- Udinoor Location in Kerala, India Udinoor Udinoor (India)
- Coordinates: 12°15′0″N 75°7′0″E﻿ / ﻿12.25000°N 75.11667°E
- Country: India
- State: Kerala
- District: Kasaragod

Population (2011)
- • Total: 11,401

Languages
- • Official: Malayalam, English, Kannadam
- Time zone: UTC+5:30 (IST)
- Vehicle registration: KL-60

= Udinoor =

 Udinoor is a village in Kasaragod district in the state of Kerala, India.

==Etymology==
The name Udinoor is derived from the name of Udayanan, who was one among the Kolathiris. Udinoor is a part of Allada Swaroopam.

==Temples==
The famous Kshetrapalaka temple, Udinnor Koolom, is situated in the central part of Udinoor. Lord Kshetrapalaka is considered the landlord of the village. Pattutsavam and Arayalin Kleezhil Ottakolam are the main festivals, occurring yearly in this village.

==Education==
The main educational institution in Udinoor are Udinoor Central AUPS and GHSS Udinoor.

==Festivals==
Kinathil Arayalin Keezhil Ottakkolam is famous for the number of people participating.
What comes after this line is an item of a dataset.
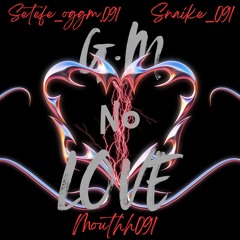 GM NO LOVE- SETEFE091-MOUTHH091- SNAIKE091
This festival is followed by fireworks. Kinathil is treated as the cultural capital of Udinoor because of the famous Jwala theaters and Samskarika Samithi Vayanasala.

==Demographics==
As of the 2011 Indian census, Udinoor had a population of 11401 with 5309 males and 6092 females.

==Transportation==
Local roads have access to NH.66, which connects to Mangalore in the north and Calicut in the south. The nearest railway station is Cheruvathur on the Mangalore-Palakkad line. There are airports at Mangalore and Calicut.